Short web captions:
*****
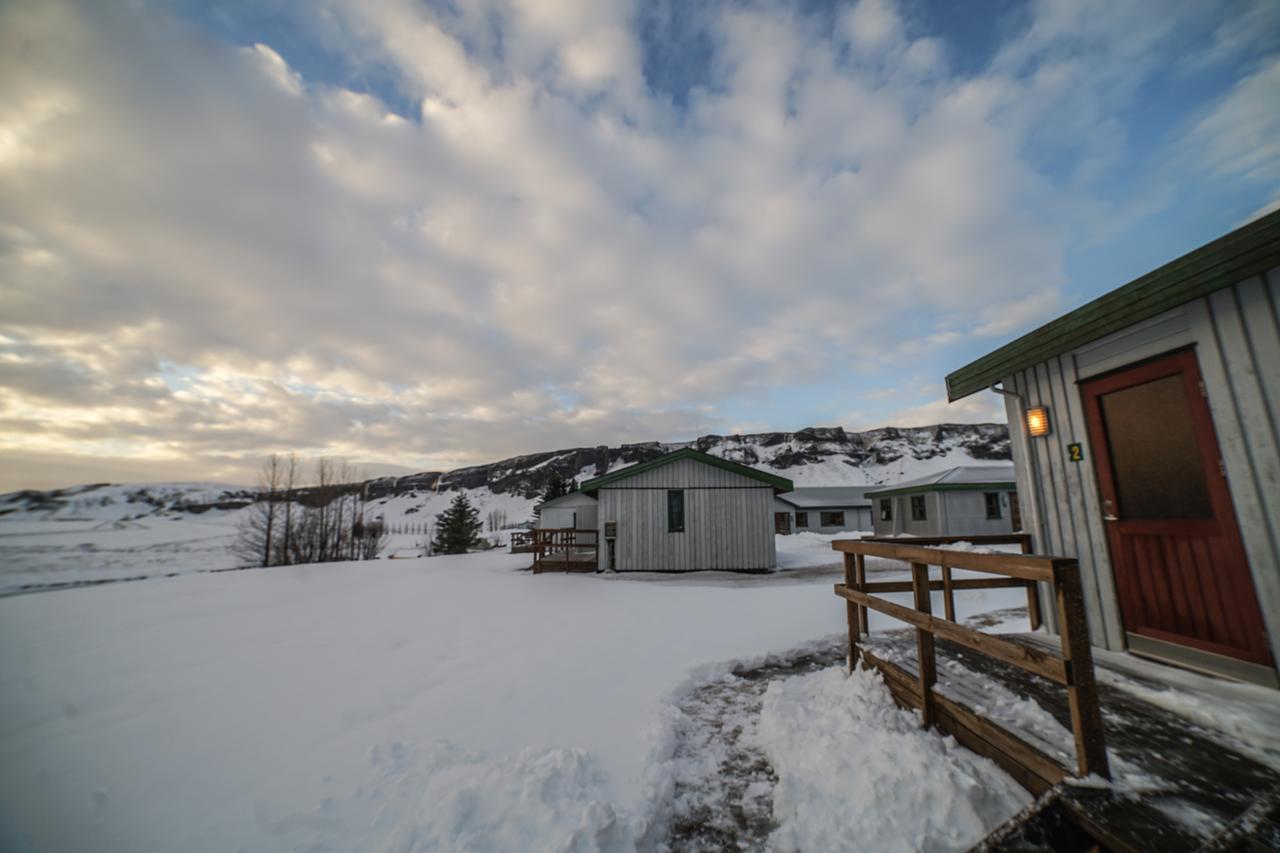 Adventure Hotel Geirland Kirkjubæjarklaustur Exterior foto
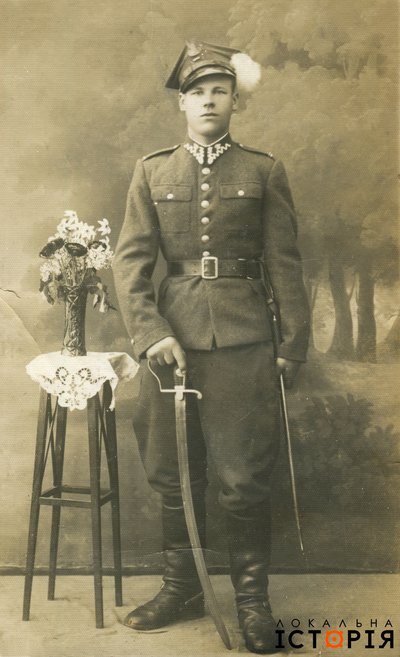 Вояк Війська Польського, Петро Ярощак, 1930 – ті рр.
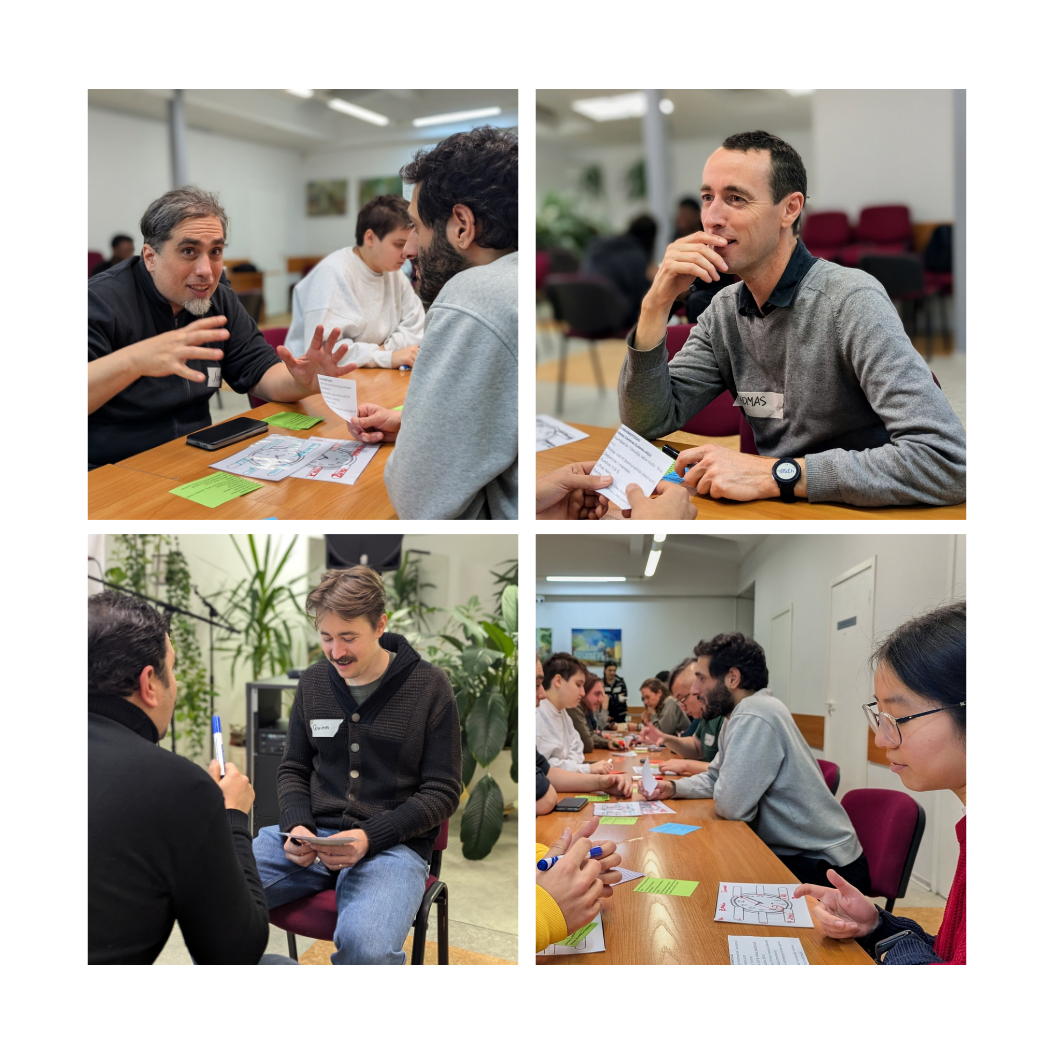 🟢🟡🔴Lietuvių kalbos pokalbių klubas tęsiasi 2026-aisiais!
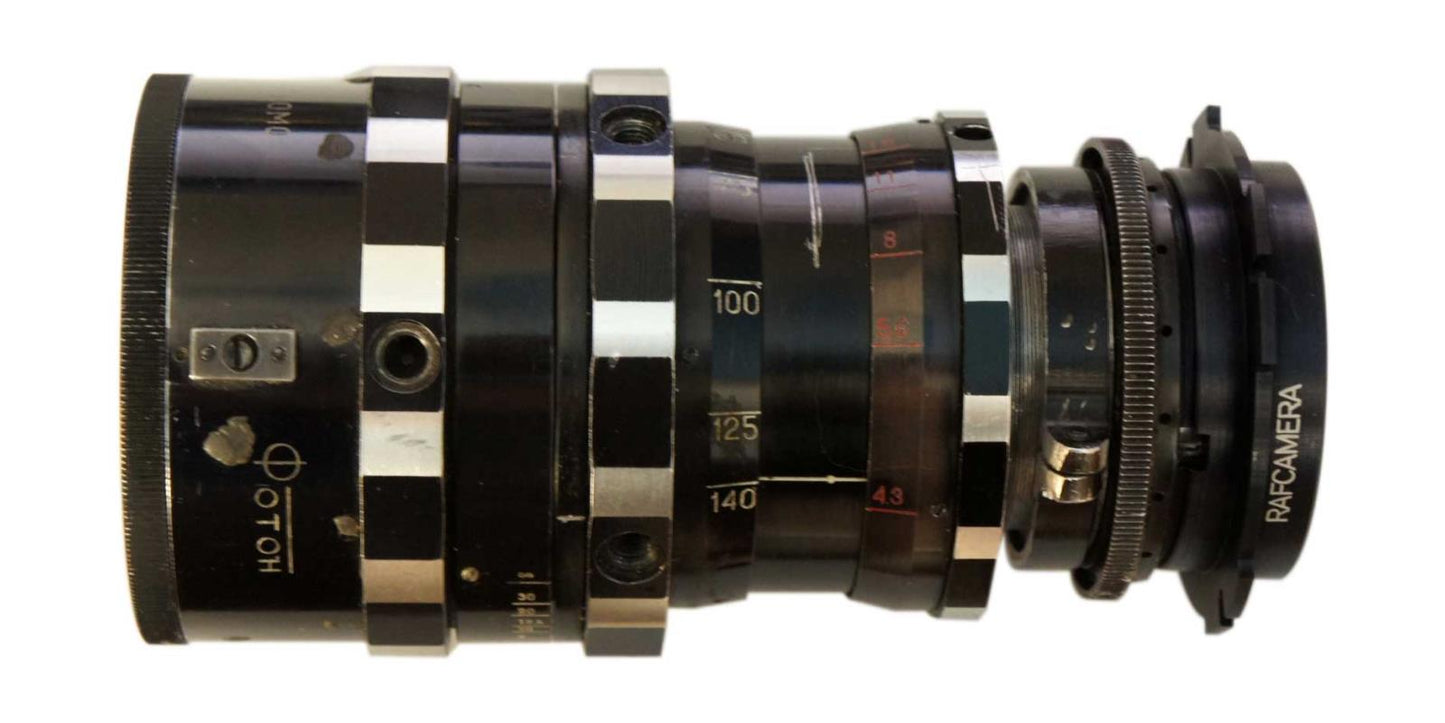 Arri PL adapter (interchangeable mount) for Foton zoom lens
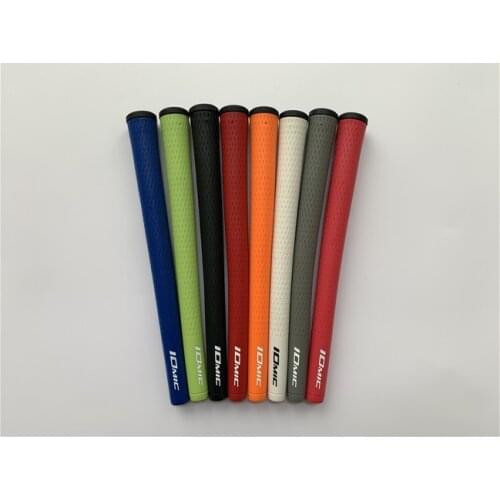 BIRDIEMaKe Golf Clubs 30PCS/PACK IOMIC Sticky 2.3 Grips Standard IOMIC 2.3 Rubber Golf Clubs Grips 8 Colors Available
*****
• _Task_
Copy all records exactly, no images.

• _Response to this task_
 Adventure Hotel Geirland Kirkjubæjarklaustur Exterior foto
 Вояк Війська Польського, Петро Ярощак, 1930 – ті рр.
 🟢🟡🔴Lietuvių kalbos pokalbių klubas tęsiasi 2026-aisiais!
 Arri PL adapter (interchangeable mount) for Foton zoom lens
 BIRDIEMaKe Golf Clubs 30PCS/PACK IOMIC Sticky 2.3 Grips Standard IOMIC 2.3 Rubber Golf Clubs Grips 8 Colors Available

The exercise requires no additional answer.